Marine Ecosystems: Coral Reefs Under Stress (9635 Section 3.3.2.5)

Hello Geographers! Welcome to the section on Marine Ecosystems. Specifically, we are diving into the vibrant but fragile world of coral reefs. This chapter is critical because it sits within the broader theme of Ecosystems under stress. You will learn how these incredible habitats function, what natural processes control them, and critically, how human actions are pushing them toward collapse. Let's make sure you know your corals from your clams!

1. The Coral Reef Ecosystem: Characteristics and Distribution

Coral reefs are often called the 'rainforests of the sea' because of the immense biodiversity they support. They are complex marine ecosystems built primarily by tiny animals called coral polyps.
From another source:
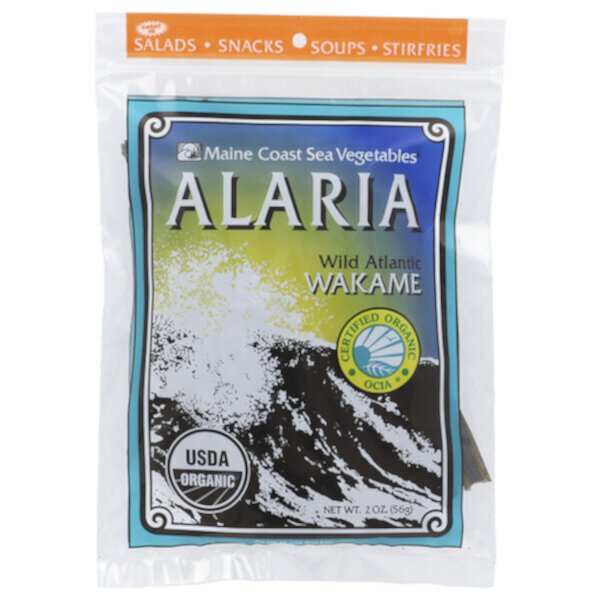 Alaria, Wild Atlantic Wakame, 2 унции (56 г) Maine Coast Sea Vegetables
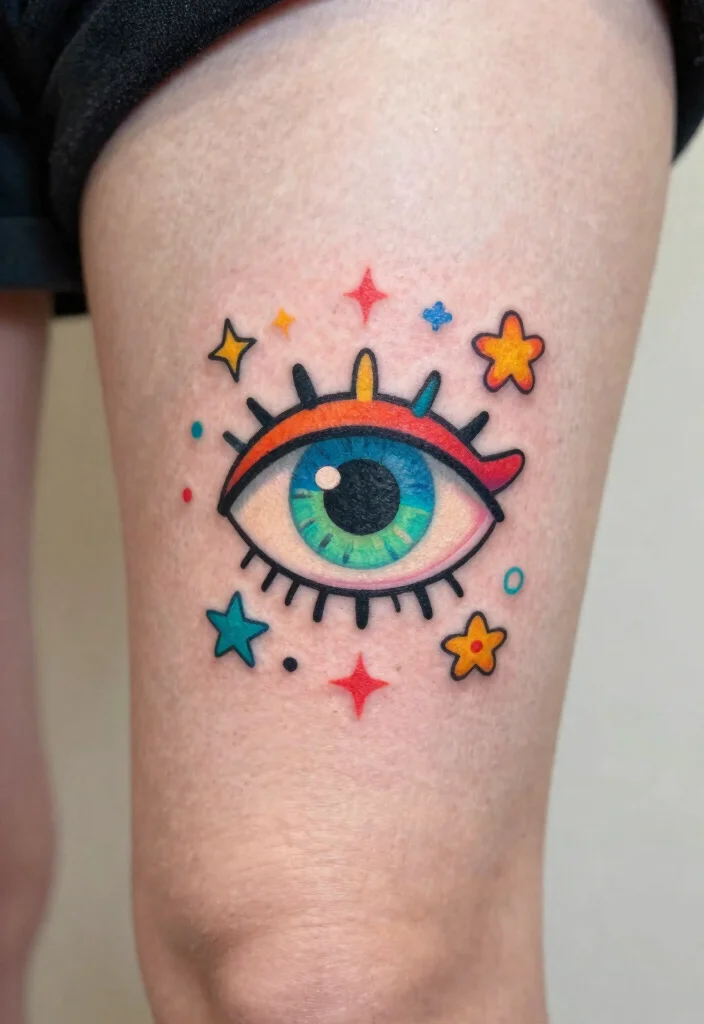 18 Abstract Eye Tattoo Ideas With Artistic Flair - 11. Whimsical Eye Tattoos 1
1.1 Key Characteristics and Structure

• Structure: Corals are colonies of polyps that secrete calcium carbonate (limestone) skeletons. Over thousands of years, these skeletons build up into massive reef structures.
• Symbiotic Relationship: The key to a coral's survival is its relationship with microscopic algae called zooxanthellae. The algae live within the coral tissue, providing the coral with up to 90% of its required food through photosynthesis. In return, the coral provides the algae with a protected environment.
• Biodiversity Hotspot: Despite covering less than 0.1% of the ocean floor, coral reefs support around 25% of all marine species, acting as nurseries, feeding grounds, and shelter.

1.2 Environmental Conditions for Reef Development (The Coral "Goldilocks Zone")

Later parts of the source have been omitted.